Wittgenstein has already made it clear with the broom/broomstick-brush case that he thinks there are problems with the idea of a final analysis, and he has discussed exactness in the course of discussing games.
§90

Our investigation (the Wittgensteinian conception of philosophy/the investigation into the concept of time) is not directed at phenomena (the things we experience in the world) - it isn't empirical. What we do is call to mind "the kinds of statement that we make about phenomena".
The query about time and other philosophical problems are grammatical (Wittgenstein is using the term 'grammar/grammatical' is a slightly idiosyncratic way here). We clear away/dissolve problems by exposing misleading analogies (is the misleading analogy in this case thinking of time as analogous to space? - We talk about something taking a certain length of time, etc.) - or by substituting one form of expression for another. Is Wittgensteinian philosophy 'conceptual analysis'? - Not really, although sometimes the procedure of substituting one form of expression for another resembles taking a thing apart (Wittgenstein clearly rejects the kind of analysis engaged in by the likes of Russell).
§89

So (following from §88) to think that logical formulations might make language perfectly exact is peculiar. What goal do you have in mind? Our language as we use it may well be fit for purpose even if we can imagine someone not understanding us or a situation in which what we say is not sufficiently exact.
Wittgenstein here gives a quote from Augustine, "what, then, is time? I know well enough what it is, provided that nobody asks me; but if I am asked what it is and try to explain, I am baffled." Wittgenstein suggests that what one has to do if one is baffled in this way is to call it to mind. He suggests that the confusion here is conceptual - not empirical (it's a confusion about the use of the word 'time' or of temporal concepts more generally).
This 'philosophical' question about time can be answered by considering something that is in plain view (the correct use of the word 'time' and of related temporal concepts).
Is it worth thinking about this in relation to the earlier remark about knowing and saying (§78)? Being able to explain time is not like being able to say how high Mont Blanc is.
Is the problem thinking that 'time' refers to some object (or that it refers to a concatenation of objects upon analysis)? I assume that Wittgenstein thinks that 'what is time?' is an ill-formed question.
§88

There is no single ideal of exactness. Exactness is relative to your goal and to the kind of thing under consideration. That which is inexact in some sense is not necessarily unusable or not fit for purpose.
§87

Words like 'red', 'dark', and 'sweet' are not 'indefinables' (the 'simple ideas' of the classical empiricists).

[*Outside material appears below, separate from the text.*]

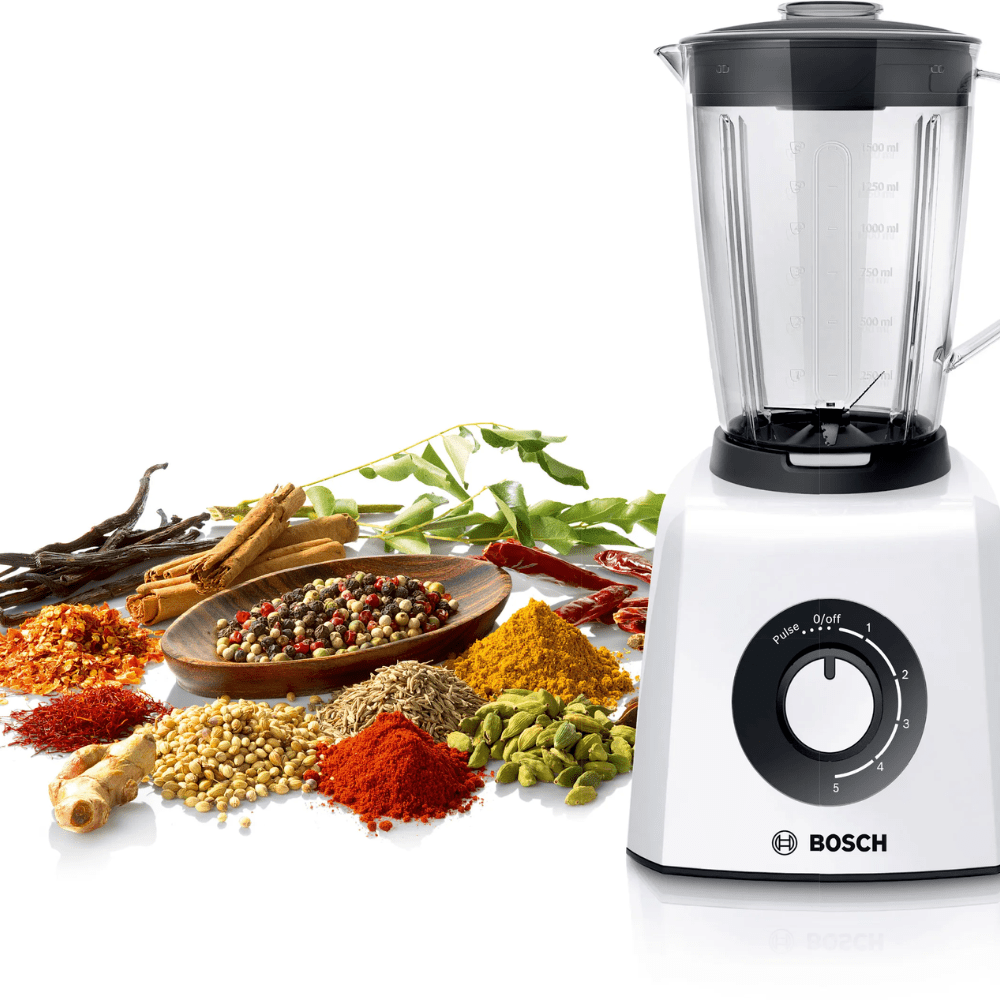 Bosch Home Kitchen Appliances Bosch MightyMixx Blender 600W - MMB33P5BGB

Re: Moses: In §79 Wittgenstein suggested that "Moses did not exist" may mean various things (depending on which definite descriptions we 'lean upon'). But in §87 Wittgenstein suggests that I might specify what I mean (to remove doubts about what I mean) - I could say, "I take 'Moses' to mean the man, if there was such a man, who led the Israelites out of Egypt, whatever he was called then and whatever else he might have done". But, having removed this doubt, further explanations might be needed (about what 'Egypt' means, about who the Israelites are, and so on). Does this mean explanations are to go on forever to remove all doubts? - No. Explanations could be used to remove misunderstandings but we need not go on giving explanations unless we require one to avoid misunderstanding. - We don't need explanations to remove every misunderstanding imaginable.

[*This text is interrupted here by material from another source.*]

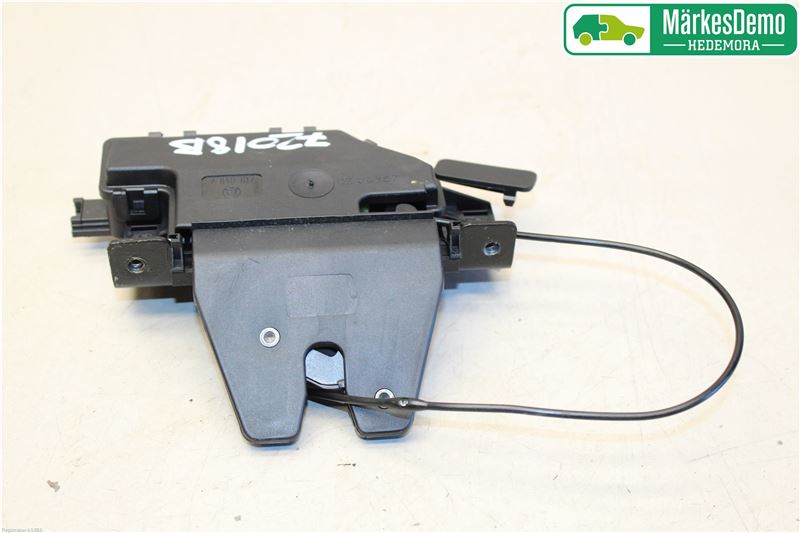 Verrouillage central BMW 1 (E81)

Explanation of meaning = rule for the use (a use) of a word.

Wittgenstein is not a sceptic. Something like a signpost or a rule is perfectly in order ('complete') as long as it fulfils its purpose.
§86

Wittgenstein asks us to imagine the language game of §2 (the block/slab language) but with a chart. A gives B written signs ('block', 'slab') and B looks up the signs in a chart and finds a corresponding picture of a shape of a building stone.

B learns to look up the picture in the chart through training - by passing his finger from left to right (from sign to picture).

You could draw in arrows (to explain how you are to pass from sign to picture). But the chart was not incomplete without this schema of arrows.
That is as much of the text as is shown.